Additional clarification: I realize that the distinction between the cyanoacrylate-based super glue in the adhesives category and the cyanoacrylate-based thread locker in the lubricants category may seem tenuous at best. I was reassured by this informative site, however, which clearly states that CA-based adhesives are activated by humidity in the air, while CA-based thread lockers work by polymerization. I am not certain which works best for revealing fingerprints as seen on CSI and related programs, or whether the fingerprints are revealed through polymerization or some other reaction, but that is clearly of secondary concern to the main subject material of this blog. Although the CA-based wound adhesives could conceivably, and unfortunately, become relevant at some point. As adhesives, however, it is clear which box they belong in.

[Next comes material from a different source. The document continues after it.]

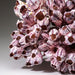 Genuine Purple Acorn Barnacle Cluster (3.5 lbs) - Astro Gallery of Gems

Final clarification: I realize I didn't lay out the slippery slope dilemma very clearly. I am amenable to the suggestion that the "permanent" thread locker belongs with the adhesives. However, if it goes there, then the "temporary" thread locker must go along with it. So far, pretty good. However, if the temporary thread locker goes with the adhesives, where does the anti-seize go? If/when I find it, I mean. Or buy more. Either one is an appropriate application for the bottom bracket threads, though not both at the same time. The concern being, then, no matter where I chose to store the anti-seize, it seems I would be partially wrong, as it neither (strictly speaking) adheres or lubes, doing a little of both while doing a lot of anti-both, not to mention difficult to find if I happened to be wrenching on a bottom bracket and wanted something to put on the threads. And if you look at where grease (lubricant) and soap (cleaner?) come from, and learn that some grease is really just oil mixed with soap, and that soap applied to wood screws helps them (lubricates) go into wood, you are sliding, baby, you are sliding right along with me.